Provided data:
^^^^^^^^
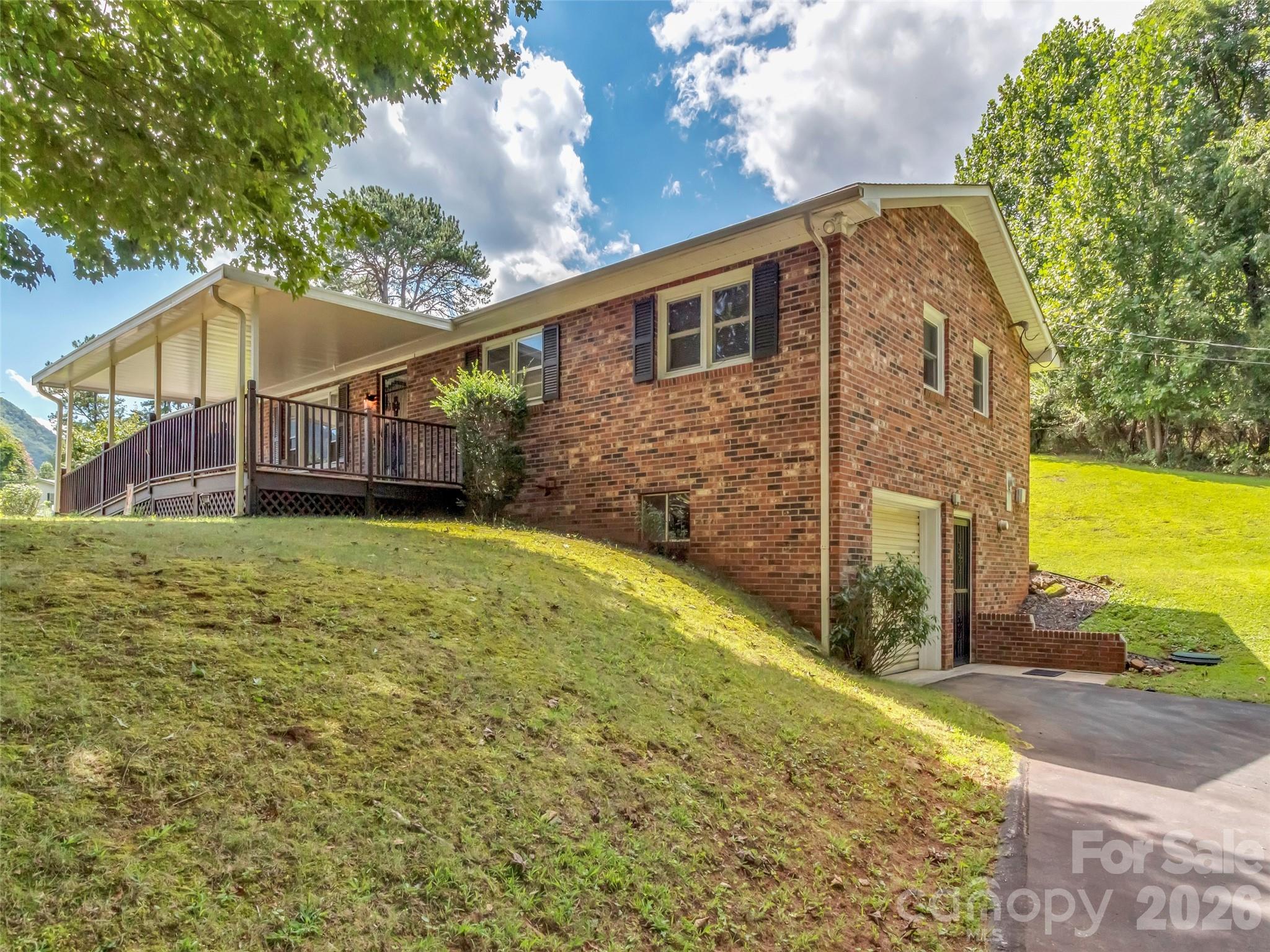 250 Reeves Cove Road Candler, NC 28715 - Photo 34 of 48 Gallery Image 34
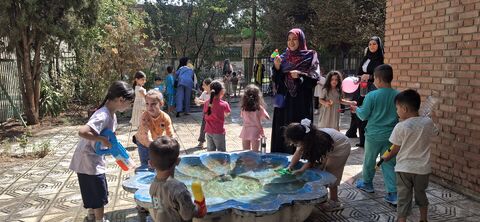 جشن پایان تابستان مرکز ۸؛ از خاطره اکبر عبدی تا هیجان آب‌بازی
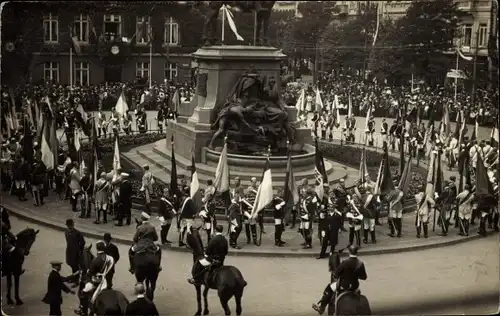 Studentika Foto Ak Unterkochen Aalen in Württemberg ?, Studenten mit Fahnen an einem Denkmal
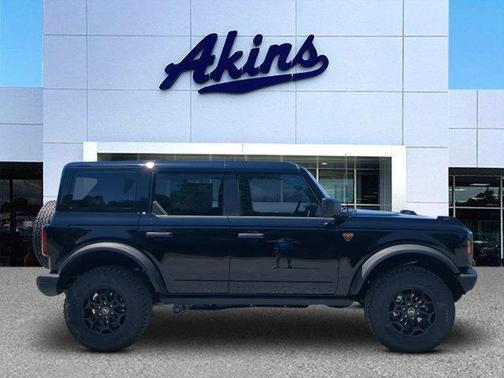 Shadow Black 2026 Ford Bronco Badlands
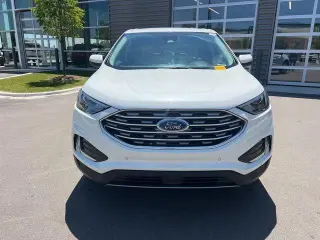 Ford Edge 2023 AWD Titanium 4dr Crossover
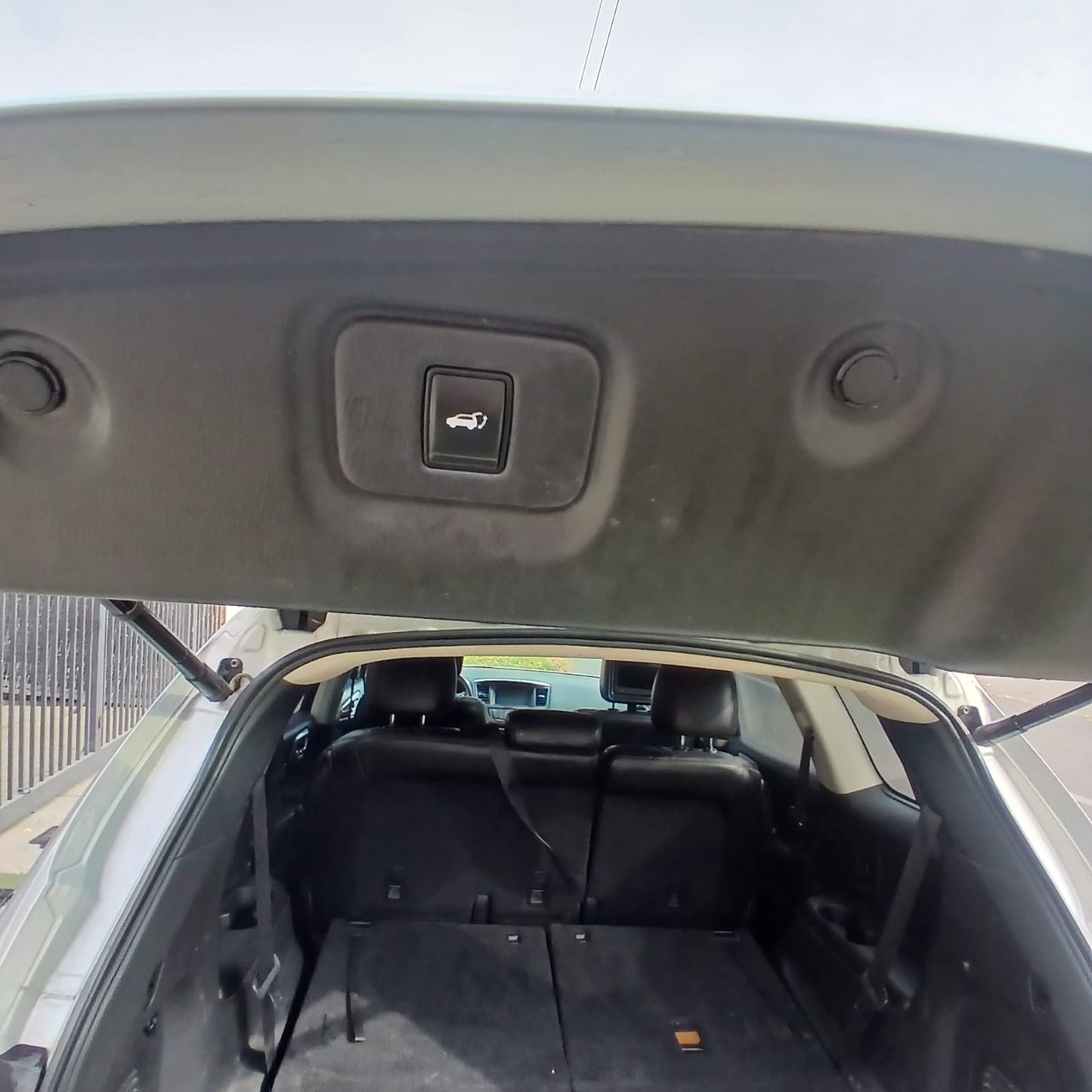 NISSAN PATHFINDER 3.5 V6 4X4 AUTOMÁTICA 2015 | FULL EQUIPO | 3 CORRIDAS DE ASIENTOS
^^^^^^^^
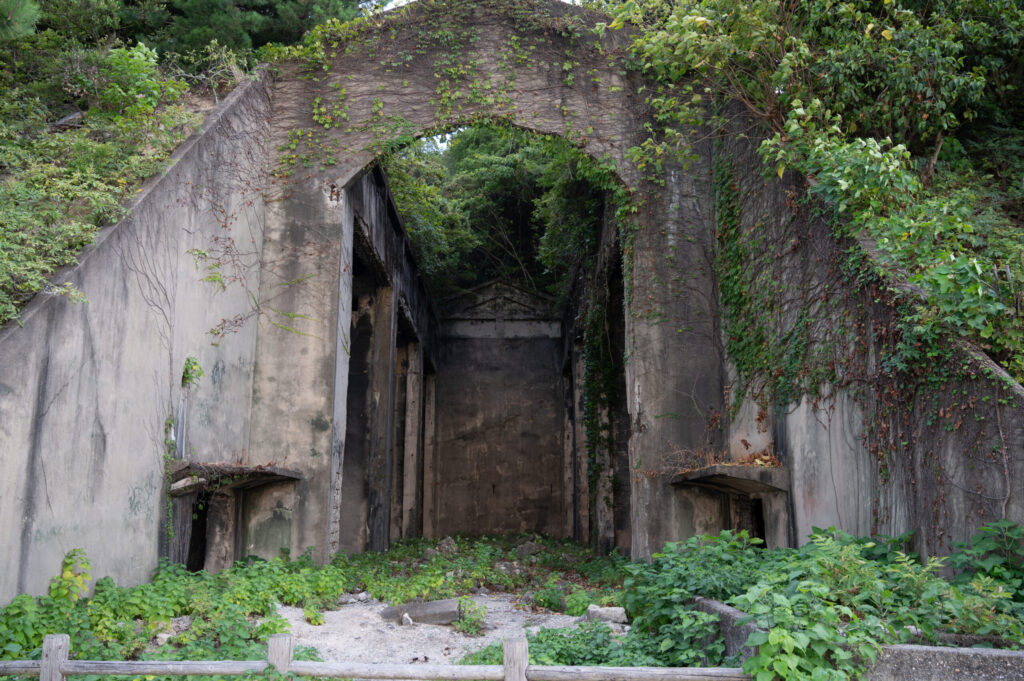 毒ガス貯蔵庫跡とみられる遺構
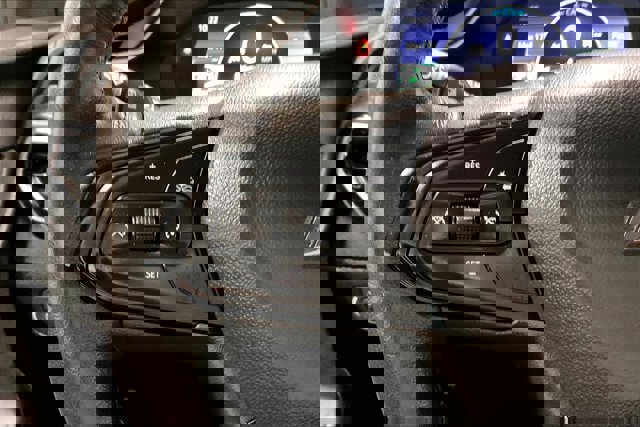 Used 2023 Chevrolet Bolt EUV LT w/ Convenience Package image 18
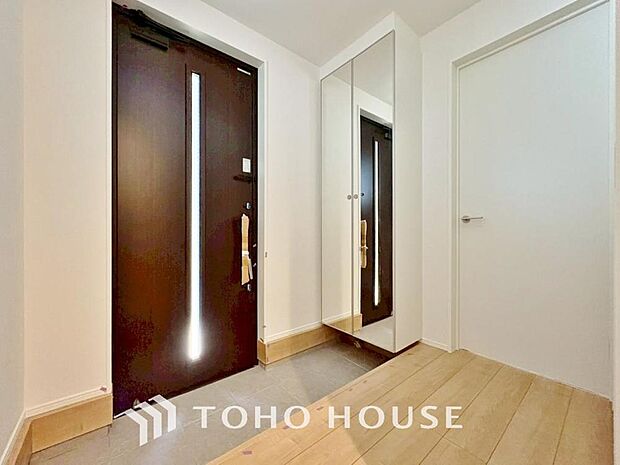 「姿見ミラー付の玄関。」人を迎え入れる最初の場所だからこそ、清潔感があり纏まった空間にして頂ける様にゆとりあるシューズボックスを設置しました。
^^^^^^^^
Task brief: Write out exactly the lines above between the one with "250 Reeves Cove" and the one with "NISSAN PATHFINDER 3.5", inclusive, with pictures left out.

Written answer:
 250 Reeves Cove Road Candler, NC 28715 - Photo 34 of 48 Gallery Image 34
 جشن پایان تابستان مرکز ۸؛ از خاطره اکبر عبدی تا هیجان آب‌بازی
 Studentika Foto Ak Unterkochen Aalen in Württemberg ?, Studenten mit Fahnen an einem Denkmal
 Shadow Black 2026 Ford Bronco Badlands
 Ford Edge 2023 AWD Titanium 4dr Crossover
 NISSAN PATHFINDER 3.5 V6 4X4 AUTOMÁTICA 2015 | FULL EQUIPO | 3 CORRIDAS DE ASIENTOS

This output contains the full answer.